*What is required*: Everything in the listing below should be written out again exactly, except the pictures.

*Given data*:

#####

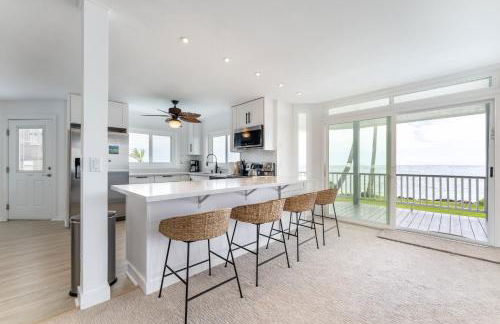 Hale Kahakai - Oceanfront Retreat - Direct Beach Access - Foto 16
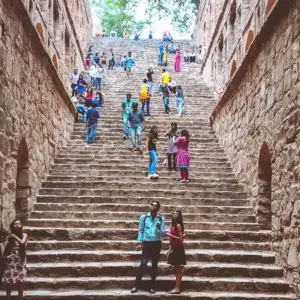 Explore Old and New Delhi Private Guided City Tour for 1 days with Golden Triangle Tours Of India and discover unforgettable experiences - Photo 4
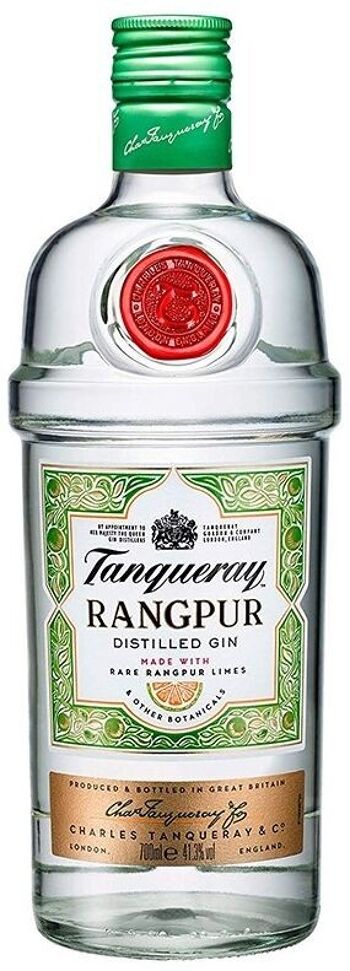 Tanqueray Rangpur Gin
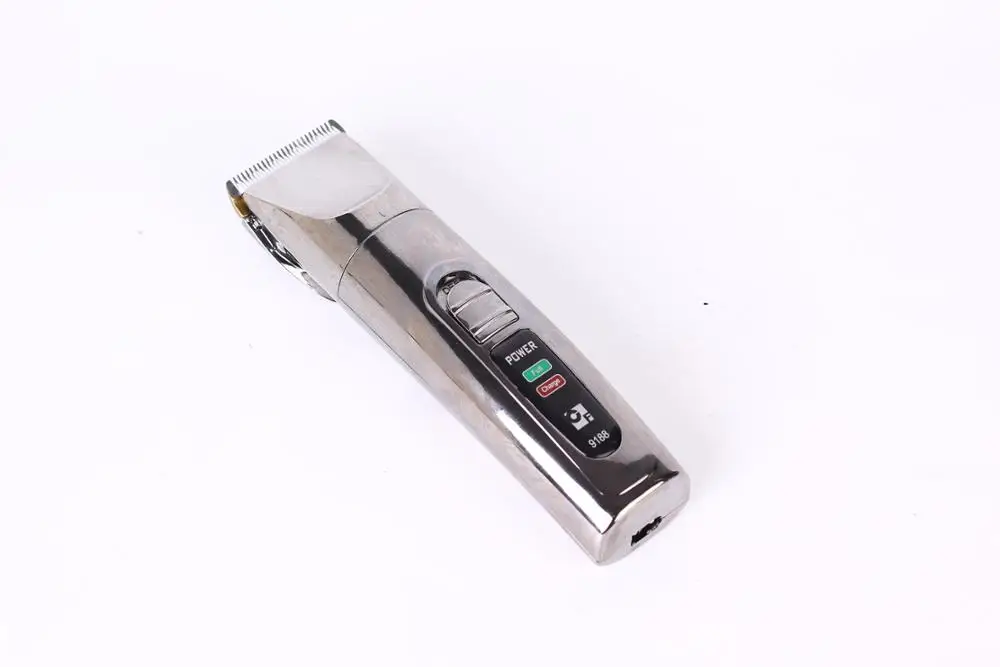 Professional barber shop clippers salon hair trimmer clipper automatic electric hair cutting machine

#####

*Written solution*:
 Hale Kahakai - Oceanfront Retreat - Direct Beach Access - Foto 16
 Explore Old and New Delhi Private Guided City Tour for 1 days with Golden Triangle Tours Of India and discover unforgettable experiences - Photo 4
 Tanqueray Rangpur Gin
 Professional barber shop clippers salon hair trimmer clipper automatic electric hair cutting machine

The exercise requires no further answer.